In analyzing fair dealing, the Court described the Defendants’ process as “neither well-documented nor well-substantiated” and in fact stated that “the term ‘process’ does not really fit here; the evidence reveals that there really was no process.” There were no contemporaneous records and no indication that the board sought the advice of any outside advisor or consulted any literature or other sources. Defendants’ only decision-making tool appeared to be comparing the PEP and proposed options to compensation plans of alleged peer companies, but the Court described this tool as “severely flawed” due to labelling companies as peers in a way that was “simply not credible” because nearly all of them were much larger than the Company. Thus the Court concluded that the stock option grants were not the result of fair dealing.
The Court next analyzed the fairness of the pricing of the options. The Court held that the initial price was fair, but the Company’s actions in forgiving notes resulted in a total payment for the options that was not fair. The Court explained that these decisions may have made perfect sense if this family business were really a family business where the Defendants were the only stakeholders, but in a public company setting these decisions resulted in an unfair price and thus a breach of the Defendants’ fiduciary duties.
The Court denied the Plaintiff’s second theory, explaining that Delaware law presumes that the directors of a Delaware corporation make business decisions on an informed basis and in the honest belief that their decision is in the corporation’s best interests.
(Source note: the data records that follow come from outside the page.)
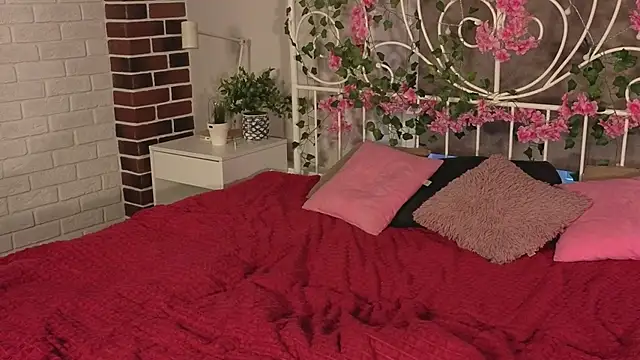 RubieHeiser élő XXX-chatje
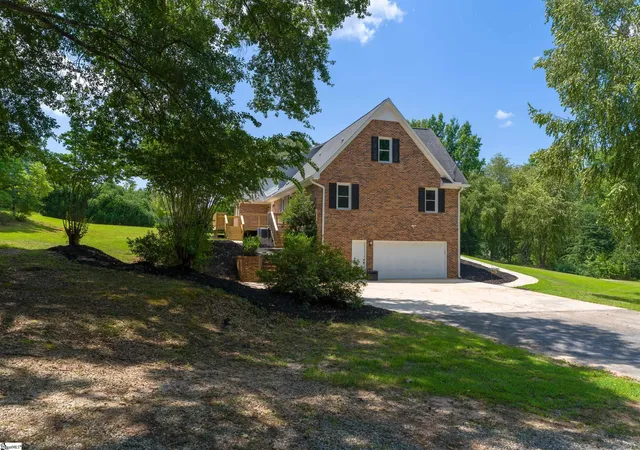 Photo 3 of Single family home for sale at 125 Tiffany Ln, Fountain Inn, SC 29644 | MLS# 1600916 | Listing updated on 2026-09-04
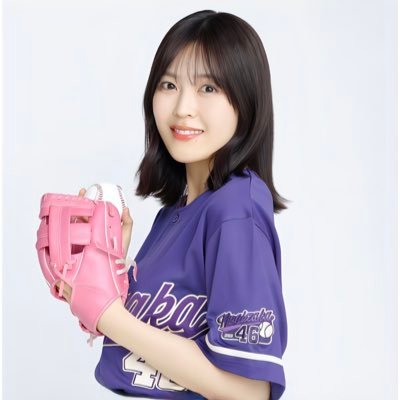 日産スタジアム10thバスラ(両日)でライブ参戦デビュー。推し→柴田柚菜、小川彩、愛宕心響、嘉喜遥香、久保史緒里、乃木坂46以外にももクロ、大原櫻子、超ときめき♡宣伝部ファンでライブはどちらも多数参戦歴あります。プロ野球千葉ロッテファン⚾️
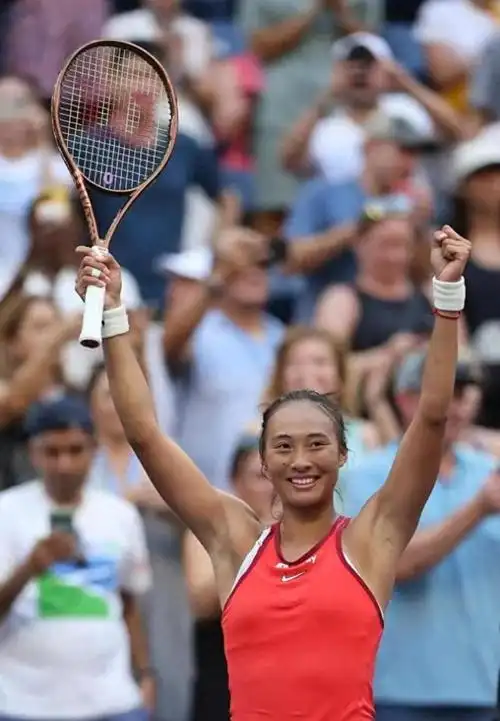 中国网球骄傲美网女单8强郑钦文获奖金330万元挑战2号种子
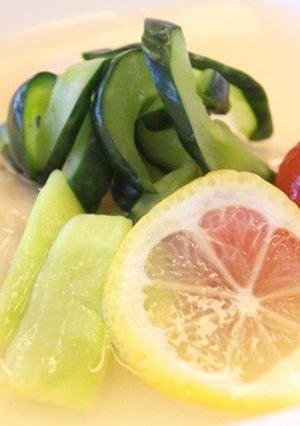 夏野菜と鶏ささみの冷製スープ-レシピのメイン写真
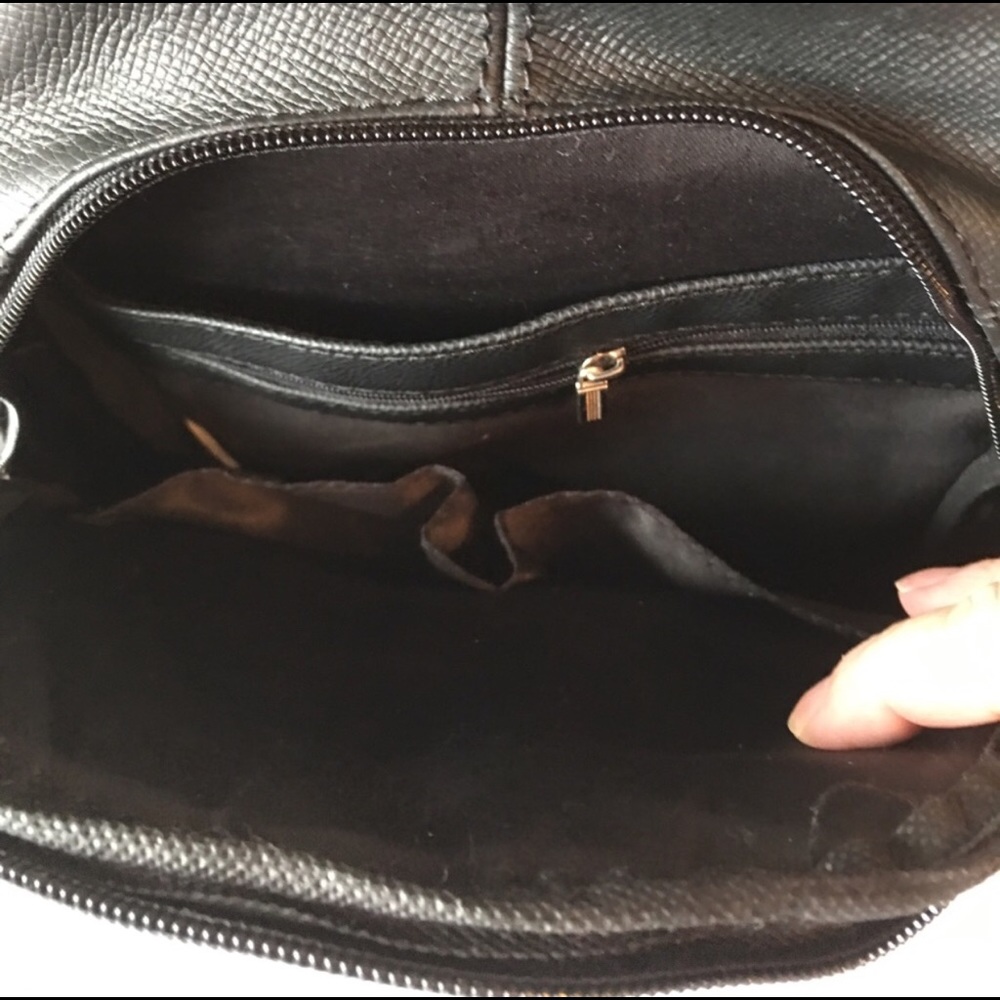 Leather backpack in black 5⭐️rated - Picture 7 of 8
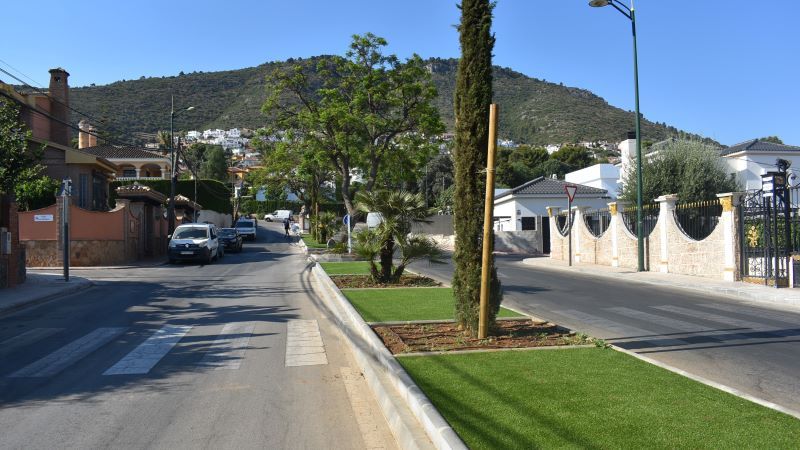 El Ayuntamiento ultima la mejora y transformación de la avenida principal de El Lagar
To overcome that presumption, plaintiffs must show that directors “appeared on both sides of the transaction or derived a personal benefit from a transaction in the sense of self-dealing.” The Court held that since Plaintiff had presented no evidence that the Directors ceased distributing financial information due to an improper motive rather than their claimed rationale of lowering costs and reducing the risk of disclosure-related litigation, Defendants were entitled to the protection of the business judgment rule and did not breach their fiduciary duty with respect to the second theory.
Finally, the Court discussed potential remedies. Plaintiff sough compensatory damages, but the Court held that it failed to present any evidence upon which the Court could award compensatory damages to the Company. Plaintiff also sought cancellation of the shares or rescission, but the Court explained that cancellation and rescission would not be appropriate without returning the parties to the status quo ante, which would require returning to Defendants what money they had paid for the shares. Since the Company lacked the funds to do so, these remedies were not appropriate. Finally, the Court held that Plaintiff had also failed to present evidence on which the Court could award rescissory damages. Thus, with no other measure of damages available, the Court awarded nominal damages to the Company in the amount of $1 per Defendant.